▸ What you will do: The task for the listing below is to write out exactly the lines starting at the one containing "Hi folks, in" and ending at the one containing "Hello, I'm Jen", both included. Pictures are to be omitted.
[[ Data section, beginning ]]
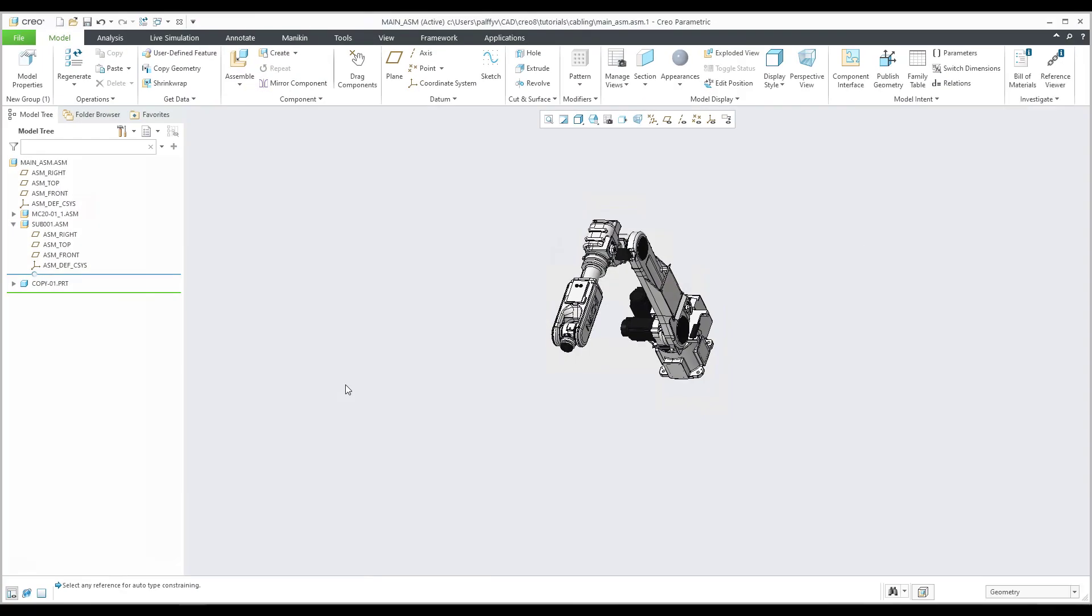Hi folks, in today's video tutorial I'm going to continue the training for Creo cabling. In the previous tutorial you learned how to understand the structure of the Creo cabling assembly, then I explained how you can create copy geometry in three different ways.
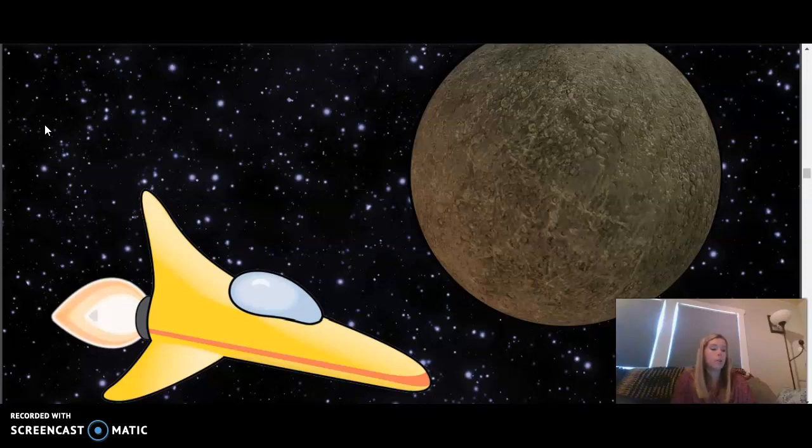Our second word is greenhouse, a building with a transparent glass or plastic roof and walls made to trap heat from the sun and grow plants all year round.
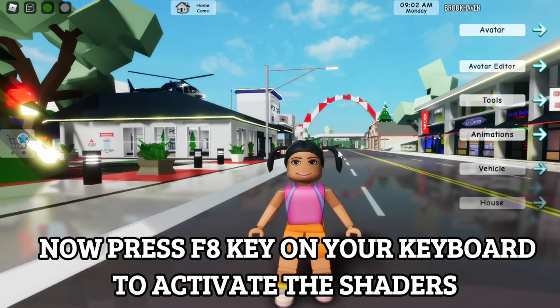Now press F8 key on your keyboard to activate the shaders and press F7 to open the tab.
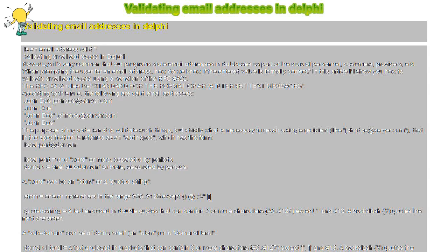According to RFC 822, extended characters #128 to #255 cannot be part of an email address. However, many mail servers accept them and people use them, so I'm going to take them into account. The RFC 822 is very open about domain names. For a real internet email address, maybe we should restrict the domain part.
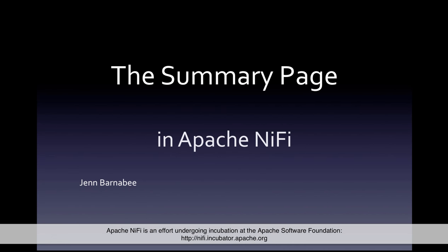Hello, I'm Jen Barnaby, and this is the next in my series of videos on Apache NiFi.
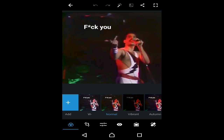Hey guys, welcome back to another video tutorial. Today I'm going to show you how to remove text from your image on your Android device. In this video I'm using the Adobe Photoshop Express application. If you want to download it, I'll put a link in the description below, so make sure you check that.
[[ Data section, end ]]
[[ Data section, beginning ]]
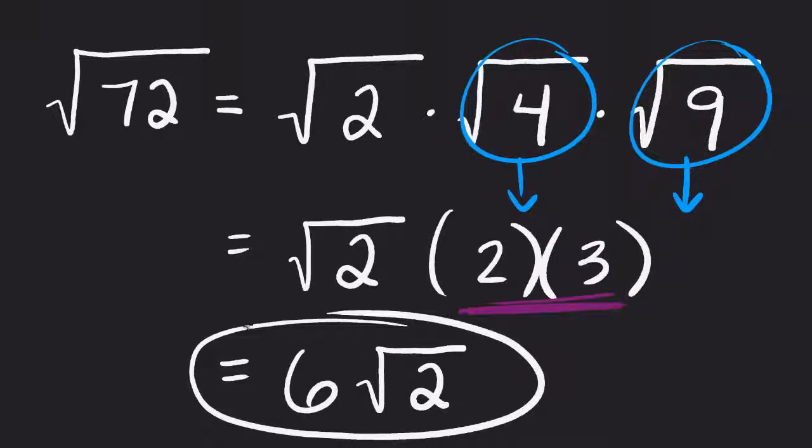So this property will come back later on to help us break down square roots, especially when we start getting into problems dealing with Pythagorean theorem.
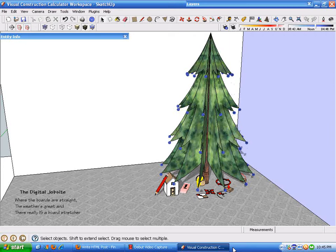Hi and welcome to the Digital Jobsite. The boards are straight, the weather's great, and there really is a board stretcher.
[[ Data section, end ]]
▸ Reply to the task:
Hi folks, in today's video tutorial I'm going to continue the training for Creo cabling. In the previous tutorial you learned how to understand the structure of the Creo cabling assembly, then I explained how you can create copy geometry in three different ways.
Our second word is greenhouse, a building with a transparent glass or plastic roof and walls made to trap heat from the sun and grow plants all year round.
Now press F8 key on your keyboard to activate the shaders and press F7 to open the tab.
According to RFC 822, extended characters #128 to #255 cannot be part of an email address. However, many mail servers accept them and people use them, so I'm going to take them into account. The RFC 822 is very open about domain names. For a real internet email address, maybe we should restrict the domain part.
Hello, I'm Jen Barnaby, and this is the next in my series of videos on Apache NiFi.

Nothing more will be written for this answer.